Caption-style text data
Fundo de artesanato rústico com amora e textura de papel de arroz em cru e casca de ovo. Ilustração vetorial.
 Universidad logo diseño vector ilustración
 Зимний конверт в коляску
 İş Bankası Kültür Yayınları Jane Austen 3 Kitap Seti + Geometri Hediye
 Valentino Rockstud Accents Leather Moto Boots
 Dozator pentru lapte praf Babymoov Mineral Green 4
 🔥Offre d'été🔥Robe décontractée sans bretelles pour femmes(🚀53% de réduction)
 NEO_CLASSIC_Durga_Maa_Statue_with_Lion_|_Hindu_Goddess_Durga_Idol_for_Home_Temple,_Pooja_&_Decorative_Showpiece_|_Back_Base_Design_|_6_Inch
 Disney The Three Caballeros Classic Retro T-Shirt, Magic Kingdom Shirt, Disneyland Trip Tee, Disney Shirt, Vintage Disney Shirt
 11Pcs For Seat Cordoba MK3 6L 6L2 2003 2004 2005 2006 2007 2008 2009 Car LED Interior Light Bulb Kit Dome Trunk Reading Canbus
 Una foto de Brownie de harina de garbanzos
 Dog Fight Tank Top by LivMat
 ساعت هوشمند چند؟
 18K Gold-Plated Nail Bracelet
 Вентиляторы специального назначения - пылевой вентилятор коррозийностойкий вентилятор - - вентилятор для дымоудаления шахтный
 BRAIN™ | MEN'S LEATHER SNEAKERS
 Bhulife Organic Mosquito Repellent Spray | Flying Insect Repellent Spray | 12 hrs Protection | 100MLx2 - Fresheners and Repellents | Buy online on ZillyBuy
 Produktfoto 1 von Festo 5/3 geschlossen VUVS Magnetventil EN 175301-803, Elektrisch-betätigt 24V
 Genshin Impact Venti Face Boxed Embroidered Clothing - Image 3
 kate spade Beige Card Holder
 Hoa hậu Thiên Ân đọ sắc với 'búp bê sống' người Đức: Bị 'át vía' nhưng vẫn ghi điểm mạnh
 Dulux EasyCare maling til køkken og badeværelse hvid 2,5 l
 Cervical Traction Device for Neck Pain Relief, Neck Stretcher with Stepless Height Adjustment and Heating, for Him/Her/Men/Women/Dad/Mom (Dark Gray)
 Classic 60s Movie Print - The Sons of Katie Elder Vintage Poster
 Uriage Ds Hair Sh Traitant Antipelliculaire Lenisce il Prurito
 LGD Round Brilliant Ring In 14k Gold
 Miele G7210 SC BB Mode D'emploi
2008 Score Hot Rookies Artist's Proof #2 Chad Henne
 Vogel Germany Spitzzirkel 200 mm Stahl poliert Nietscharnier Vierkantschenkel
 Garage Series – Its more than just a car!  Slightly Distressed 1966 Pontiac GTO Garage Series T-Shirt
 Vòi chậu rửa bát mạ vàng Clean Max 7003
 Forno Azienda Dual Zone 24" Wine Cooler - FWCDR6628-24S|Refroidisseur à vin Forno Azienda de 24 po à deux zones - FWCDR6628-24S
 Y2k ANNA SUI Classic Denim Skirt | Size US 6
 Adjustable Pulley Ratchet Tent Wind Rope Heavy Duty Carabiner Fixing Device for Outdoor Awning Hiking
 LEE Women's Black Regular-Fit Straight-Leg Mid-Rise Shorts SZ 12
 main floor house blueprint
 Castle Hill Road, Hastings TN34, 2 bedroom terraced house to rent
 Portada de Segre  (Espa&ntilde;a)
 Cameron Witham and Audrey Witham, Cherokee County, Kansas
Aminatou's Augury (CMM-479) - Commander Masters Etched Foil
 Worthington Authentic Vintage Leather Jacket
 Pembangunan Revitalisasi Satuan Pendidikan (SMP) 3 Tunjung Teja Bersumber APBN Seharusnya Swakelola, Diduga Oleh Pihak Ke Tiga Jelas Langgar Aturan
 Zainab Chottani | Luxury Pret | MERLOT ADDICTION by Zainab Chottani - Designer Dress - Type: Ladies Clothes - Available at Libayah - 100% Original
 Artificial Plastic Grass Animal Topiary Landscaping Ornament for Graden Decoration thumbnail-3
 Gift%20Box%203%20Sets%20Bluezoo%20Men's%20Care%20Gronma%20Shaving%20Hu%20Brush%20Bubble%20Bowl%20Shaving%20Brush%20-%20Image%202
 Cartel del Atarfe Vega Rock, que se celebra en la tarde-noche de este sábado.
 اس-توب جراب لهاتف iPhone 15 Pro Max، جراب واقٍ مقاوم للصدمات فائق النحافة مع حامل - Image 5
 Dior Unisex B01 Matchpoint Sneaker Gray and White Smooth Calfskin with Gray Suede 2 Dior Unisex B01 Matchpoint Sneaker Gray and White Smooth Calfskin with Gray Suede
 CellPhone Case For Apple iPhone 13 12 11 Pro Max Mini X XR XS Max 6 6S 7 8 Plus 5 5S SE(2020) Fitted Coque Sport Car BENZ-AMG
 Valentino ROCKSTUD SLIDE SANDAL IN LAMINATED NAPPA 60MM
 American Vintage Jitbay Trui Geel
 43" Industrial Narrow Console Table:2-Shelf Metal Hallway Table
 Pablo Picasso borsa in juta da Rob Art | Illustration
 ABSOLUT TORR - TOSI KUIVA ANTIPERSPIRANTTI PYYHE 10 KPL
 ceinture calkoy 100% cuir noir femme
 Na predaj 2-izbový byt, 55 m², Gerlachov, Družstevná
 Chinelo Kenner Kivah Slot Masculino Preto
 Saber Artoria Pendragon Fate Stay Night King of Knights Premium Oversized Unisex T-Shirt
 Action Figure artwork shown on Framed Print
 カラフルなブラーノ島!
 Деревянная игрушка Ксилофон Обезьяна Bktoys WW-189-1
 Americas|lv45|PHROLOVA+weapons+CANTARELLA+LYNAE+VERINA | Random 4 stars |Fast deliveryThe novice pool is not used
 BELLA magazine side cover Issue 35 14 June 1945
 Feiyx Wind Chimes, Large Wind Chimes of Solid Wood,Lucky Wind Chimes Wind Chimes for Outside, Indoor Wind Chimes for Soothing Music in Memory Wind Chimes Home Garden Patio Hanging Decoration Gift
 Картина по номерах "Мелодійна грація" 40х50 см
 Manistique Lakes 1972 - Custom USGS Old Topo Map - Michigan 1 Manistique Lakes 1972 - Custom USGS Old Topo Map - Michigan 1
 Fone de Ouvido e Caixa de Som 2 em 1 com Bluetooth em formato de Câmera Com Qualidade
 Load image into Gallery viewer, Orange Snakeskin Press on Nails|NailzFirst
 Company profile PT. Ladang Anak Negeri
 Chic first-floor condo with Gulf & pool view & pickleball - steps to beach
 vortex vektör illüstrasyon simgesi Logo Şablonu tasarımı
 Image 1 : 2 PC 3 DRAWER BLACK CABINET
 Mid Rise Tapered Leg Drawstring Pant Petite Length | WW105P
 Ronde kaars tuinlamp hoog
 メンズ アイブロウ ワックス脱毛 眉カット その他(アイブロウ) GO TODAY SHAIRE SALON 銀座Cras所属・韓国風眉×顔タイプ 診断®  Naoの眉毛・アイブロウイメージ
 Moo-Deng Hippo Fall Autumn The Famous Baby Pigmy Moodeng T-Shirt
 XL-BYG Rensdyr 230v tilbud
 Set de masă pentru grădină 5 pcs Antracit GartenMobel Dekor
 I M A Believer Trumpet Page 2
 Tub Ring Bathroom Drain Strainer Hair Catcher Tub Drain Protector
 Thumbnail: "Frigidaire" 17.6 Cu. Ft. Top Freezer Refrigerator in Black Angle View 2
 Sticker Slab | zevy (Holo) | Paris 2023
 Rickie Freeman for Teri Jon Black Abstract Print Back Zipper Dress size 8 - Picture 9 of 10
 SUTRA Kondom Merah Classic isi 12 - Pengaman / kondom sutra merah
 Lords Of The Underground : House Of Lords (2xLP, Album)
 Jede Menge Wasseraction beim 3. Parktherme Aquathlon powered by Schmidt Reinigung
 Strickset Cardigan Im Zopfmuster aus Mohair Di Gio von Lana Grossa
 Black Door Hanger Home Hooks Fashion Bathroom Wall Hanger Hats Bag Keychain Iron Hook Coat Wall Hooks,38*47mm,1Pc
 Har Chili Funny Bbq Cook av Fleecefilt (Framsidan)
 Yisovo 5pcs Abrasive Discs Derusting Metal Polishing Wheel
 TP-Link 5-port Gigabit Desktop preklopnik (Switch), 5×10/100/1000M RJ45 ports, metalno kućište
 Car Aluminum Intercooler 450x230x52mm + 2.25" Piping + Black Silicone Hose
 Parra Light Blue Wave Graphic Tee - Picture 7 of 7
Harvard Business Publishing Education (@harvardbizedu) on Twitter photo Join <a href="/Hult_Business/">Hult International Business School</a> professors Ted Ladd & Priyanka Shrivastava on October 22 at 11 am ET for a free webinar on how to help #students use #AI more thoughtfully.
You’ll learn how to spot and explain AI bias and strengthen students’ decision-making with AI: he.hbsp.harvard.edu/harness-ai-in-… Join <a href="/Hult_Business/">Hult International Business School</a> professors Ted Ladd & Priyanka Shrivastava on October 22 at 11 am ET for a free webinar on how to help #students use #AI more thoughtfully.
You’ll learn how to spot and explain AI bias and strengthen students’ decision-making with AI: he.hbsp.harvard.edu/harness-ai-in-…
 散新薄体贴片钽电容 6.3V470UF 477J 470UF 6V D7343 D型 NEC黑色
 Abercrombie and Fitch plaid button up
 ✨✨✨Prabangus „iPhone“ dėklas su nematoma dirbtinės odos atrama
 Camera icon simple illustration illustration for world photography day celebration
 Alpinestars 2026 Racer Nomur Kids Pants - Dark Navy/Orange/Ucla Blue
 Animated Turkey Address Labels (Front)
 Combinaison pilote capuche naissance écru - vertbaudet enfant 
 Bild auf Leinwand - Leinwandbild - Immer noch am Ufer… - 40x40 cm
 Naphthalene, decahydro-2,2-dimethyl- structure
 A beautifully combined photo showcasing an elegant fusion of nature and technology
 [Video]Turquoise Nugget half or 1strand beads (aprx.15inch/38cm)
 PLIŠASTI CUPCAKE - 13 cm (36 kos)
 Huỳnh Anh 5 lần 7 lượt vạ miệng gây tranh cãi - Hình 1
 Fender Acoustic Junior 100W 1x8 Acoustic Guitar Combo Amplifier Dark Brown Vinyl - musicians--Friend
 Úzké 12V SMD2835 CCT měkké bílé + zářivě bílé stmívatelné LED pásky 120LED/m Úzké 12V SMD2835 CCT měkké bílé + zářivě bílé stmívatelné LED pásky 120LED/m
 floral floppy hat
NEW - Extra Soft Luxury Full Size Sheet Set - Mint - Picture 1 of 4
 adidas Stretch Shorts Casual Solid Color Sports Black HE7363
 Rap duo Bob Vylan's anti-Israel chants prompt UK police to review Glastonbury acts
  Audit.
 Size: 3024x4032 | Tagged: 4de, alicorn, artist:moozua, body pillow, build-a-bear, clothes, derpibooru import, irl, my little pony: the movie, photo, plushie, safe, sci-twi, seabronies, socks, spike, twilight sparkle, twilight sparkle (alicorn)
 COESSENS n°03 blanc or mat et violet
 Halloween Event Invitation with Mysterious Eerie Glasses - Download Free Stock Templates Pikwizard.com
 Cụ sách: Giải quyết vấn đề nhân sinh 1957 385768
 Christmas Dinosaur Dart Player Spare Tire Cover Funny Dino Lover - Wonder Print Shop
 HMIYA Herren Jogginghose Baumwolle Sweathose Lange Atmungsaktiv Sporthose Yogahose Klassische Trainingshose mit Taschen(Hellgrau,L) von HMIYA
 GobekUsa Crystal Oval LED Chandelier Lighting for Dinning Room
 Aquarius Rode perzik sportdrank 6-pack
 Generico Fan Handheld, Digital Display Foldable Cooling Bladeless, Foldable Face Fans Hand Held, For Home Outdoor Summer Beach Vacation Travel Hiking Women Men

> Aim of the exercise:
Find the word "Valentino" in the records and pull out each line that has it.

> Final answer:
 Valentino Rockstud Accents Leather Moto Boots
 Valentino ROCKSTUD SLIDE SANDAL IN LAMINATED NAPPA 60MM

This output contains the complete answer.